When a CI token expires you can simply create a new cluster. You can also update the pull secret of an existing cluster.

Modify the pull-secret of an existing cluster

  1. Repeat the steps in "Pull secret" and "CI token" above to create an up-to-date pull secret.
  2. Use the script provided to encode and update the secret
    ../hack/update_pull_secret.sh $PULL_SECRET
    

The secret is base64 encoded, read the script for details.

Configuration for CRC

Download the crc command from Code Ready Containers and read the install instructions.

The following steps are recommended before calling crc start

# Increase memory - default 8k may not be enough
crc config set memory 12288
# my-pull-secret is the CRC pull secret with the openshift CI secret added, explained above.
crc config set pull-secret-file my-pull-secret
# This test sometimes fails incorrectly on systems where libvirtd is triggered by a socket.
crc config set skip-check-libvirt-running true

More about make run

You can run the CLO as a local process, outside the cluster. This is not the normal way to run an operator, and does not test all aspects of the CLO (e.g. problems with the CSV or OLM interactions), but it has advantages:

  • Fast edit/run/test cycle - runs from source code, skips some slow build/deploy steps.
  • Directly access the CLO logs on stdout/stderr
  • Control logging levels and other environment variables, e.g. export LOG_LEVEL=5
  • Run CLO in a debugger, profiler or other development tools.
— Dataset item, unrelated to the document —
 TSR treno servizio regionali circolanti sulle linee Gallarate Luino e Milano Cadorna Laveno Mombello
How it works: An operator is actually a cluster client. It watches for changes to its own custom resources, and creates/updates other resources accordingly. This can all be done from outside the cluster.
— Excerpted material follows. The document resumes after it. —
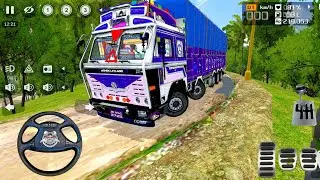 14 Wheeler Tata Transporter Truck Driving In Indian Offroad | Bus Simulator Indonesia | Bussid Mod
Note: You must run the make deploy-elasticsearch-operator as a separate target which will:

  • Deploy the Elasticsearch CRD upon which the CLO depends
  • Define ClusterLogForwarding to the default log store

Examples:

make run  # Run the CLO locally
make run-debug  # Run CLO under the dlv debugger
LOG_LEVEL=4 make run  # Run CLO with greater log verbosity
RUN_CMD=foo make run # Run CLO under imaginary "foo" debugger/profiler.
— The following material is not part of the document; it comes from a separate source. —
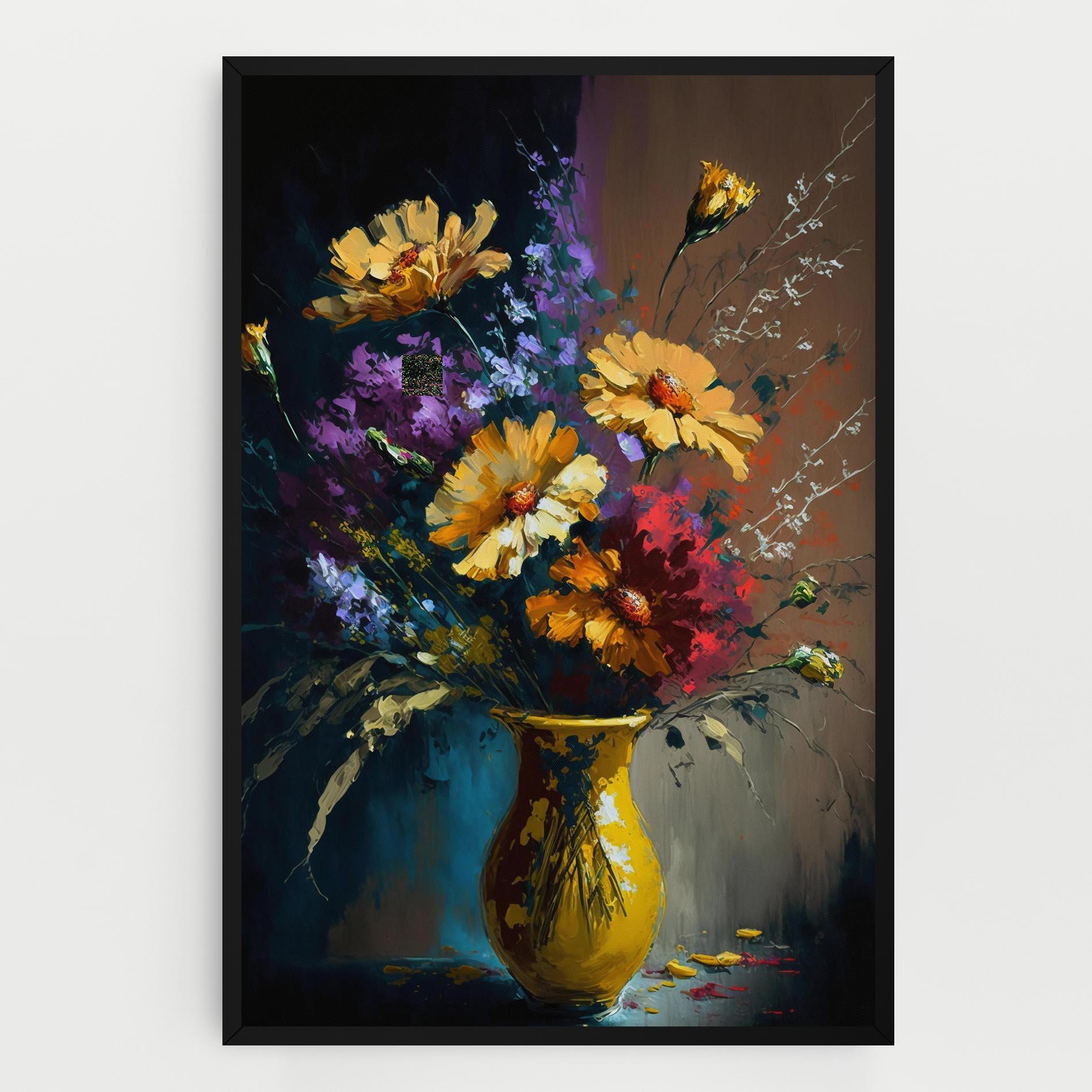Leinwandbild Yellow Art Vase mockup 0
Note make run will not return until you terminate the CLO.

More about make test-e2e-olm

This test assumes:

  • the cluster-logging-catalog image is available
  • the cluster-logging-operator image is available
  • the cluster-logging component images are available (i.e. $docker_registry_ip/openshift/$component)

Note: This test will fail if the images are not pushed to the cluster on which the operator runs or can be pulled from a visible registry.

Note: It is necessary to set the IMAGE_CLUSTER_LOGGING_OPERATOR environment variable to a valid pull spec in order to run this test against local changes to the cluster-logging-operator. For example:

$ make deploy-image && IMAGE_CLUSTER_LOGGING_OPERATOR=image-registry.openshift-image-registry.svc:5000/openshift/origin-cluster-logging-operator:latest make test-e2e

Note: To skip cleanup of resources while hacking/debugging an E2E test apply DO_CLEANUP=false.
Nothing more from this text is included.